Without bothering to inform, let alone consult, the drivers, FISA’s Executive Committee took this decision last December. The fact that they waited until two weeks before the Brazilian GP to break the news to the competitors suggested that FISA knew full well there would be trouble.

When the tariff was published, the drivers reacted predictably. The basic charge of 5000 French francs seemed fair enough, but when 1000 francs per point scored was added, calculated on the basis of the 1986 Championship, a few of them went through the roof. Nigel Mansell, with 72 pts scored, faced a charge of 77,000 francs (about £8,000) while Derek Warwick, for example, only had to pay about £550.
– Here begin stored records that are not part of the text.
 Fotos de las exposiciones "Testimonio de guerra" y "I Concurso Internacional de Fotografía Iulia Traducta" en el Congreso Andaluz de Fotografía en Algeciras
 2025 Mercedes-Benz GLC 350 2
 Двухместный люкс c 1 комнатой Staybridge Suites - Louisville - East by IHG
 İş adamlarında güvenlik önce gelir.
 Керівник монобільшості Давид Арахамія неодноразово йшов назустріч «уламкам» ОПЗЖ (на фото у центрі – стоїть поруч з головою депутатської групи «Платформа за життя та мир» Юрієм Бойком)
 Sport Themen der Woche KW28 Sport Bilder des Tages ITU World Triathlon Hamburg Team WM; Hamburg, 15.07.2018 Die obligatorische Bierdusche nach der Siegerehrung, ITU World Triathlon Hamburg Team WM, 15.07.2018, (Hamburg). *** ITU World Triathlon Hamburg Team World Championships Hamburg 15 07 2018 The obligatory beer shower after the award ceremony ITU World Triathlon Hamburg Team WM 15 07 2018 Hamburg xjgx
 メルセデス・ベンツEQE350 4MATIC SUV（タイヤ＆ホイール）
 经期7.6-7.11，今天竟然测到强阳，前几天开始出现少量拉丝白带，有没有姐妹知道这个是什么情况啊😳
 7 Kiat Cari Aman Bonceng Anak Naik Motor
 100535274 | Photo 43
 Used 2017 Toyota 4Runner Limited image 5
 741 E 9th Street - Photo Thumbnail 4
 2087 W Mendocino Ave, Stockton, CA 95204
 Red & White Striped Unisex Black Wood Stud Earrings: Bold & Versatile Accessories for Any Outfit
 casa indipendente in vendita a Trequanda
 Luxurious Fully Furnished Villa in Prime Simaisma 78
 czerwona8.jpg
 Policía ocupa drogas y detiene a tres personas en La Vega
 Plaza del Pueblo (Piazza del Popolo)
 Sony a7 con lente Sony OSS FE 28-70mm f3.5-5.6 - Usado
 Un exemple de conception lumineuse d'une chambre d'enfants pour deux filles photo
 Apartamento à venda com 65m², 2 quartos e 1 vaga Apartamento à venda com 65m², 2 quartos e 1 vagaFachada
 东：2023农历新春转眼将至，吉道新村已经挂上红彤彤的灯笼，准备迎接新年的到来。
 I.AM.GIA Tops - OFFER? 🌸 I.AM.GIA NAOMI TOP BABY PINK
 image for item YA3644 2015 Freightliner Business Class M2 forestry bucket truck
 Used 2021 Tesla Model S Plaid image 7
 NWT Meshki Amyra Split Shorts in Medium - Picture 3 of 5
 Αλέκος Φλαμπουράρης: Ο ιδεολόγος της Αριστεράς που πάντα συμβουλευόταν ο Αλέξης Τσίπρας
World Champion Alain Prost was appointed to hold “talks” with FISA, but, once they have the bit between their teeth, there is precious little scope for “talking” with FISA’s Jean-Marie Balestre and FIA Vice President of Commercial Affairs Bernie Ecclestone. Between them, the two men completely control international motor racing. They talk, everybody else listens, . .

The drivers were indignant. They could well afford the money, but they felt a point of principle was at stake. Prost simply tried to get the point over that, if FISA got away with these arbitrary charges, perhaps they would quadruple them without warning in 1987.

At the end of the day everybody paid up, but the drivers at least secured an agreement that the fees would be index-linked to inflation for the next five years. Prost, diplomatically, called it a compromise.

However, neither Balestre nor Ecclestone felt so sympathetic. Through a FISA communique, Balestre trumpeted that this was no compromise, pointing out that the drivers merely conformed with the regulations.

Bernie let it be known that he thought most of them were overpaid and could well afford to pay up. He told Riccardo Patrese, his own Brabham team leader, that he could pay up by Thursday afternoon prior to the Brazilian GP or find another job. Ecclestone is not known for his overt sympathy towards drivers in general!